Here is an alternative version of Mr. Wizard's uniqueTuples function, which is faster on the data I have tested.

The idea is to create a function f which has the following properties:

  • It returns an empty Sequence[] if two of its arguments are the same

  • For any other input it outputs a List of the arguments, but also sets a downvalue so that next time it is called with the same arguments, it returns an empty Sequence[]

  • It is Orderless so that "the same arguments" can be in any order

The two input lists are then processed by Outer, feeding each tuple (as a flattened sequence of arguments) to f.

For example,

  • The list elements provided by Outer are {1,2,3} and 2. We evaluate f[1,2,3,2] which returns Sequence[] because 2 is duplicated.

  • The next list elements provided by Outer are {4,5,6} and 7. We evaluate f[4,5,6,7] which returns {4,5,6,7} and sets f[4,5,6,7]=Sequence[].
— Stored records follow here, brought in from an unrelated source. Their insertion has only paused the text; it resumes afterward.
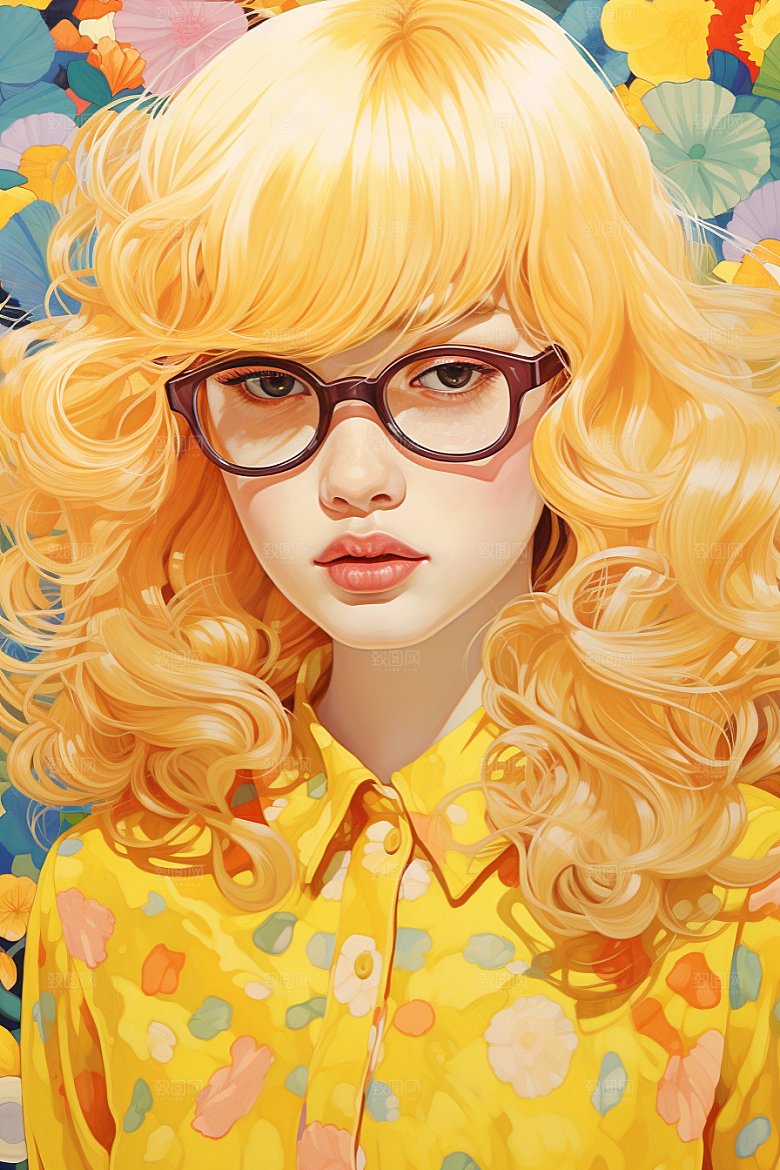 多巴胺女孩彩色穿搭插画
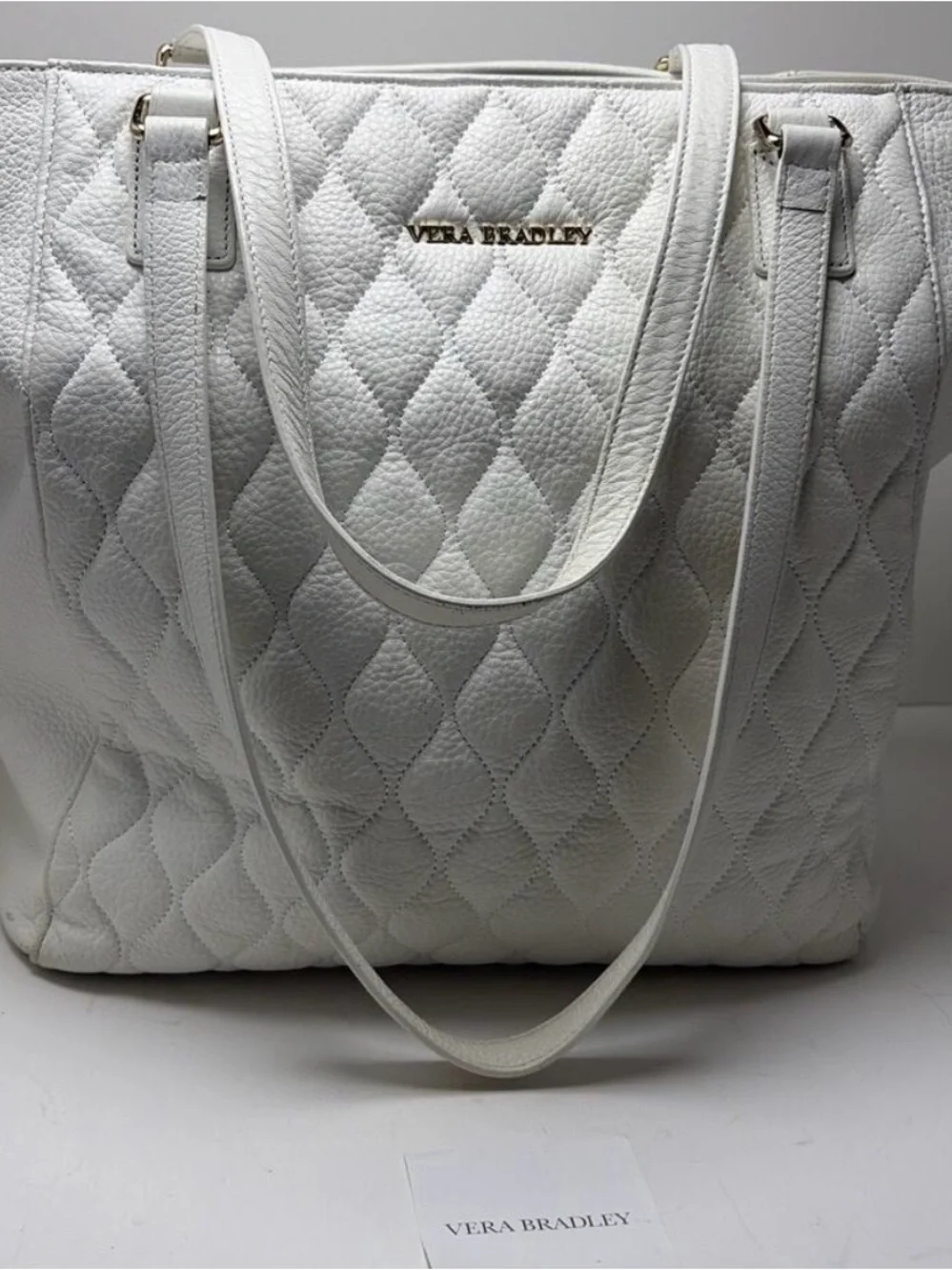 Vera Bradley White Quilted Tote with Double Straps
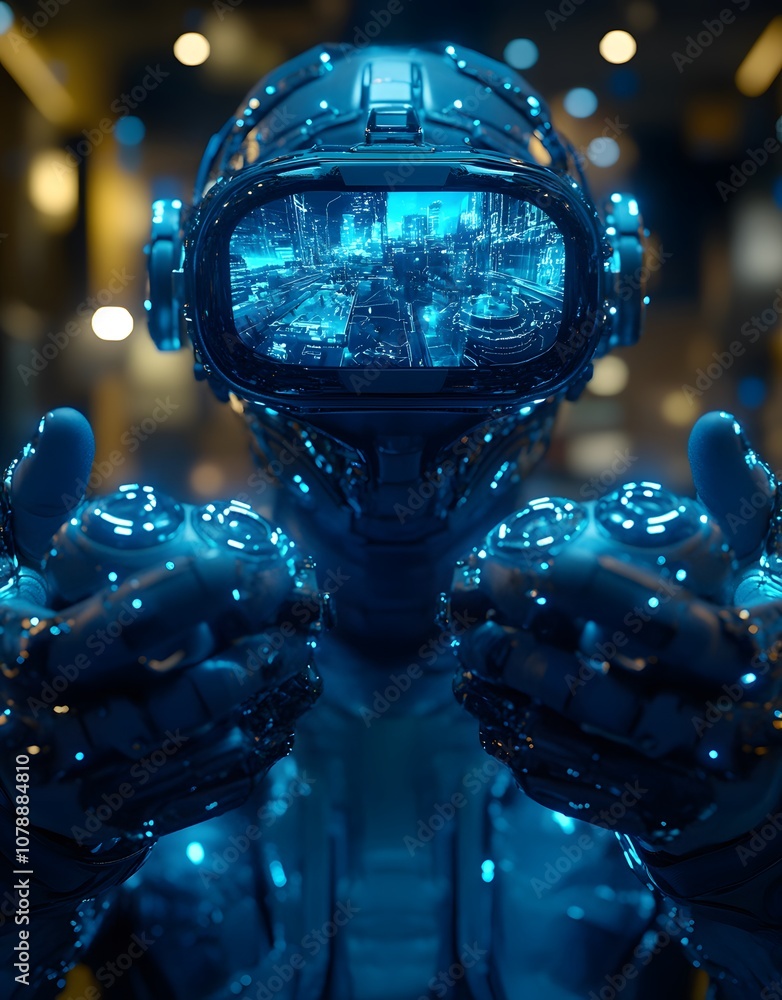 Poster a futuristic robot with a glowing visor showcasing a cityscape in its display.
  • The next list elements provided by Outer are {5,7,4} and 6. We evaluate f[5,7,4,6] which is the same as f[4,5,6,7] and therefore returns Sequence[].
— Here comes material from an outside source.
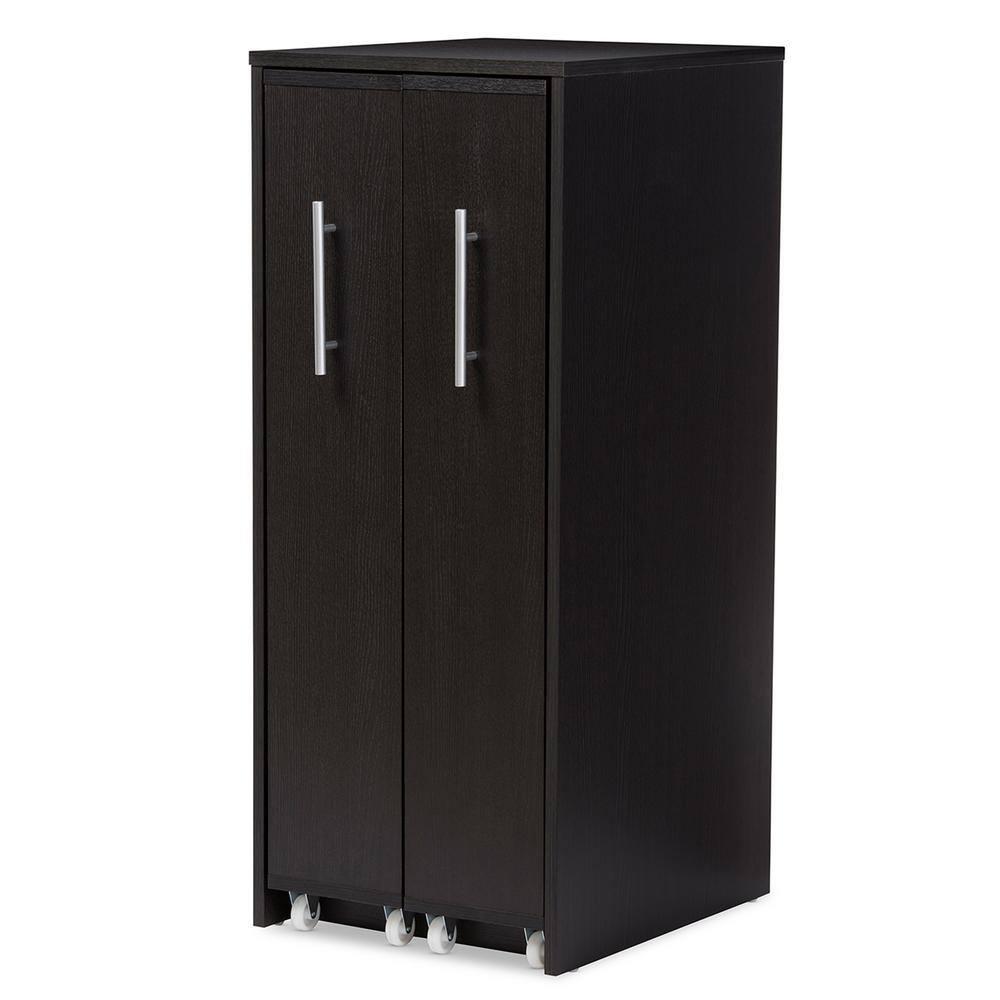 Baxton Studio Lindo Wood Bookcase with Two Pulled-out Doors Shelving Cabinet - Dark Brown: Media Storage, 10 Shelves, 54.25" Height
So the output from these 3 calls to f is just {4,5,6,7} as the others are not considered unique.

The alternative uniqueTuples looks like this:

(* this is the re-written bit *)
uniqueTuples[a_List, b_List] := Module[{f},
  f[___, x_, x_, ___] = Sequence[];
  f[x_, y__] := (f[x, y] = Sequence[]; {x, y});
  SetAttributes[f, Orderless];
  Flatten[Outer[f @@ Flatten[{##}] &, a, b, 1], 1]]

(* this is the same as Mr. Wizard *)
uniqueTuples[{a_List, x__List}] := Fold[uniqueTuples, a, {x}] 

Testing on data = RandomInteger[40, {6, 11}] gave me a Timing of 47.7 seconds for Mr. Wizards original code, and 6.6 seconds using this. I have no idea how the timings and memory usage scale as you go to larger data sets.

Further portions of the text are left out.